Proof-RM: A Scalable and Generalizable Reward Model for Math Proof

Published 2 Feb 2026 in cs.CL | (2602.02377v1)

Abstract: While LLMs have demonstrated strong math reasoning abilities through Reinforcement Learning with Verifiable Rewards (RLVR), many advanced mathematical problems are proof-based, with no guaranteed way to determine the authenticity of a proof by simple answer matching. To enable automatic verification, a Reward Model (RM) capable of reliably evaluating full proof processes is required. In this work, we design a scalable data-construction pipeline that, with minimal human effort, leverages LLMs to generate a large quantity of high-quality "question-proof-check" triplet data.

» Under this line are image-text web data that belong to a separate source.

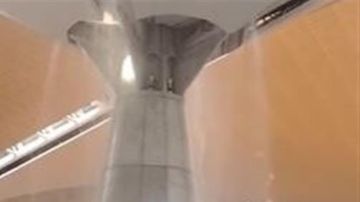 مطار مغمور بالمياه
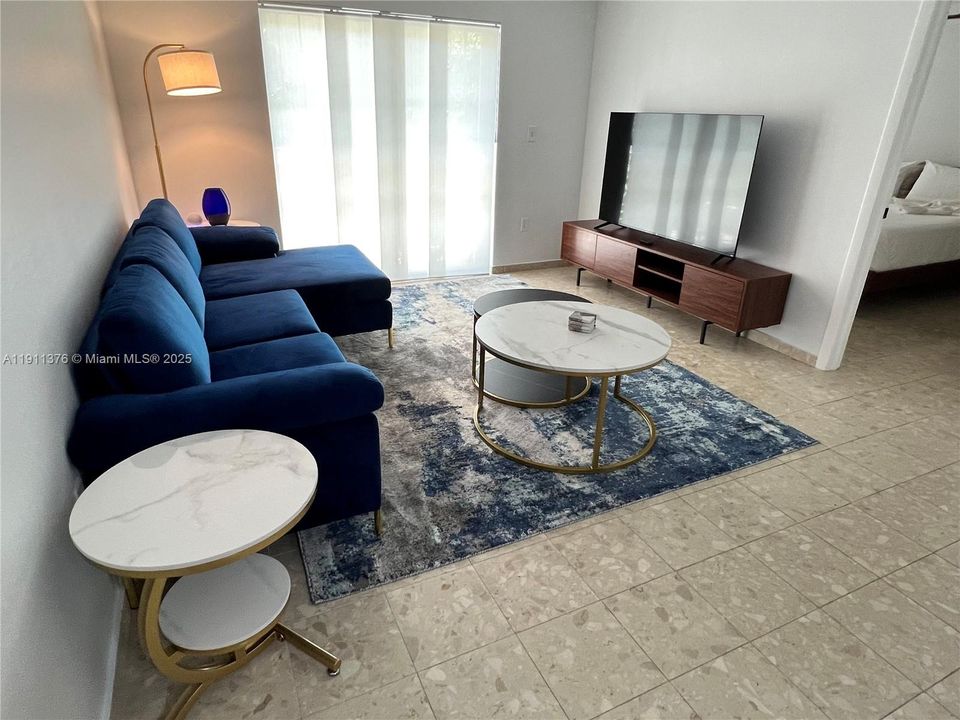 En Venta: $299,900 (1 camas, 1 baños, 685 Pies cuadrados)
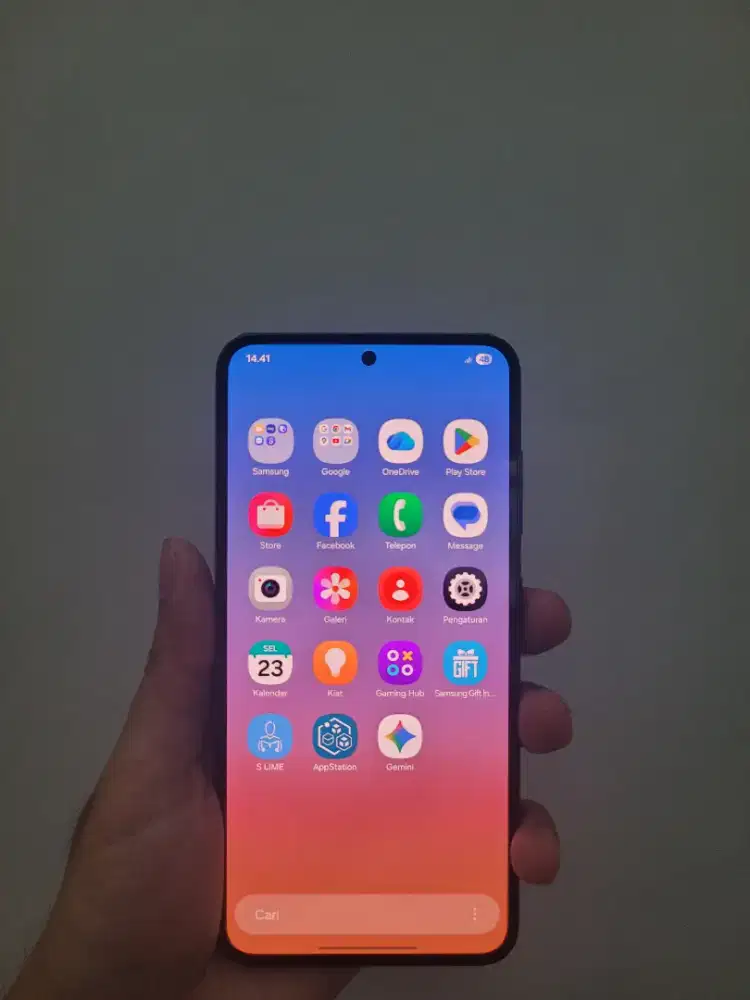 Samsung Galaxy S23 8/256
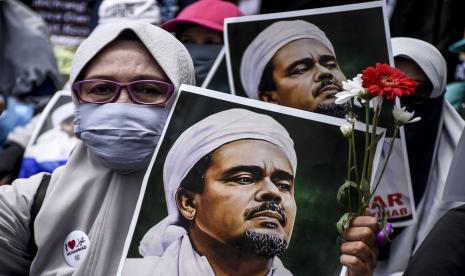 Sejumlah massa dari berbagai organisasi islam menggelar Rapat Akbar Umat Islam Jabar di depan Gedung Sate, Jalan Diponegoro, Kota Bandung, Rabu (4/11). Rapat akbar tersebut dalam rangka persiapan penyambutan Imam Besar Front Pembela Islam (FPI) Muhammad Rizieq Shihab yang rencananya akan tiba di Indonesia pada 10 November mendatang.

By systematically varying problem sources, generation methods, and model configurations, we create diverse problem-proof pairs spanning multiple difficulty levels, linguistic styles, and error types, subsequently filtered through hierarchical human review for label alignment. Utilizing these data, we train a proof-checking RM, incorporating additional process reward and token weight balance to stabilize the RL process. Our experiments validate the model's scalability and strong performance from multiple perspectives, including reward accuracy, generalization ability and test-time guidance, providing important practical recipes and tools for strengthening LLM mathematical capabilities.